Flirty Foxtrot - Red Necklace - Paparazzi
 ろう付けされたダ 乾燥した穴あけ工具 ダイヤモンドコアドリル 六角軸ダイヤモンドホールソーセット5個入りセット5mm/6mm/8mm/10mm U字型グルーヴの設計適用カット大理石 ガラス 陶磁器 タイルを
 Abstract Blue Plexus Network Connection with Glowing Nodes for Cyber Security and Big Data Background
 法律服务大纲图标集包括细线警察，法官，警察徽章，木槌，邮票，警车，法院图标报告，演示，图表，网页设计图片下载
◇ ◇ ◇ ◇
**Problem to solve:**
Each line of the material must be copied exactly.

**Output of the exercise:**
Flirty Foxtrot - Red Necklace - Paparazzi
 ろう付けされたダ 乾燥した穴あけ工具 ダイヤモンドコアドリル 六角軸ダイヤモンドホールソーセット5個入りセット5mm/6mm/8mm/10mm U字型グルーヴの設計適用カット大理石 ガラス 陶磁器 タイルを
 Abstract Blue Plexus Network Connection with Glowing Nodes for Cyber Security and Big Data Background
 法律服务大纲图标集包括细线警察，法官，警察徽章，木槌，邮票，警车，法院图标报告，演示，图表，网页设计图片下载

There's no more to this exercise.